馳浩の古典こらむ

 うき草や             
 今朝はあちらの
 岸に咲く

中川 乙由(おつゆう)
1675〜1739

「麦林(ばくりん)集」より


2002年に開かれるサッカーのワールドカップ。日本か韓国か、どちらが単独催権を勝ちとるかで大変な招致合戦が事前にくり広げられた。

 先に招致に名乗りをあげた日本がリードしていたかと思えば、韓国は

「何があっても日本にだけは負けるな」とばかり国民一丸となって劣勢挽回に動いた。

 競技場、交通、宿泊、報道運営など、受け入れ態勢は圧倒的に日本が充実しているとの空気が流れるや、今度は韓国は財界が資金を出しあって、FIFA理事国への投票切り崩し工作に乗り出したという。その金額たるや一説には二百億円とも言われ、とても日本側招致委員会が太刀打ちできる額ではなく、あくまでも『フェアプレーの精神』と『受け入れ準備の充実度』と『アベランジェ会長の支持』で対抗するしかなかった。これはもう、スポーツ戦争。結果、FIFAのルール変更が全会一致で認められて『日韓共催』に決着。

 この句は『昨日はこちらの岸辺で咲いていた浮草が今朝はあちらの岸で咲いている』という意味。人の心のたよりなさや、世の中の定めなさ、移ろいやすさを例えたものである。

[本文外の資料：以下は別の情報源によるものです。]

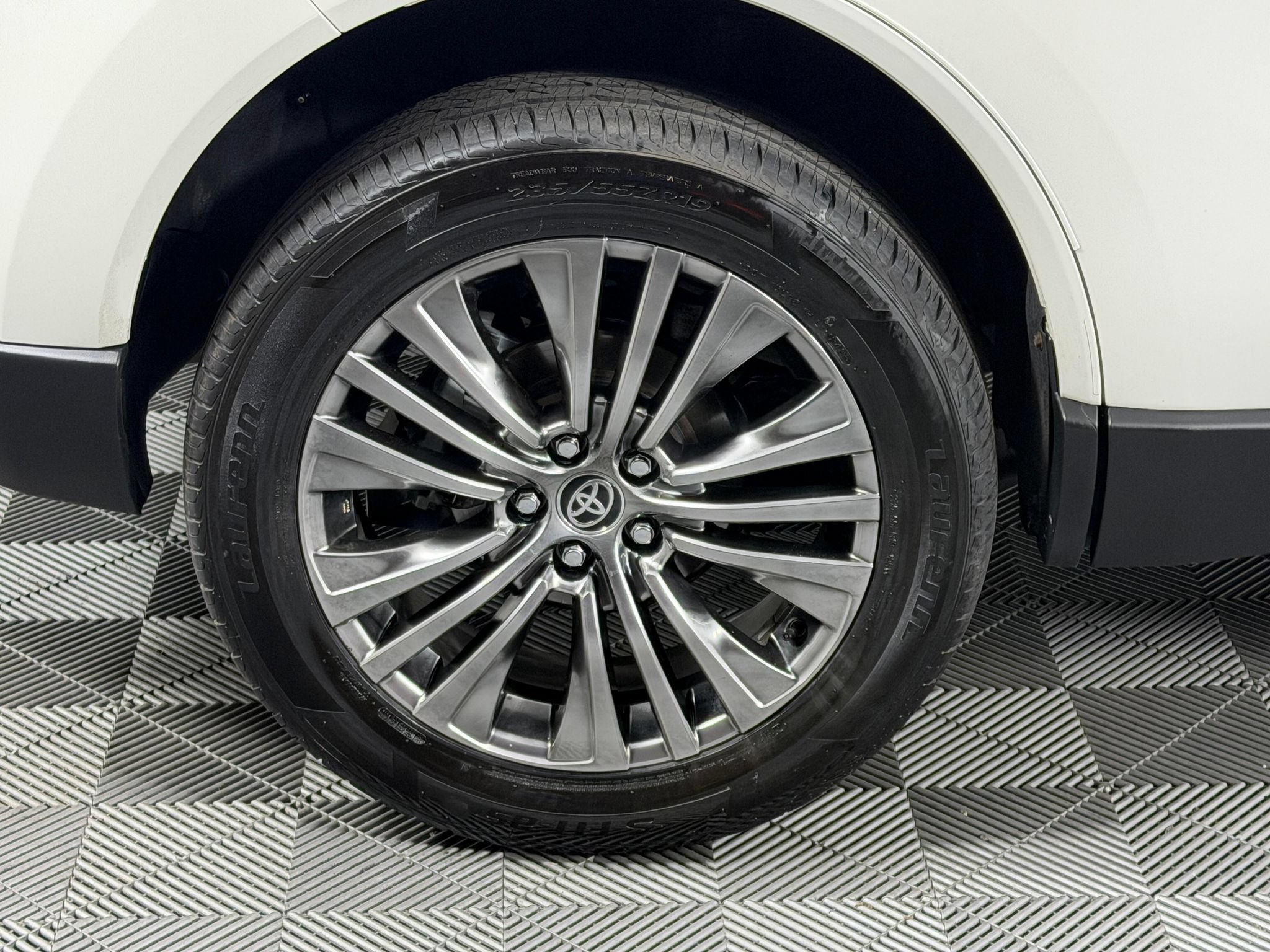 Used 2021 Toyota Venza XLE AWD/4WD image 21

 マスコミ報道、関係者の舞台裏のかけひきはまさしく『浮き草』のような日韓の招致合戦であった。共催に決定したことによって、両者の憎しみが深まることにならず良かったと思う。今後は、共催成功に向けてお互い謙譲の精神をもって話し合っていくべきであろう。スポーツはルールに則(のっと)って闘うものなのだから。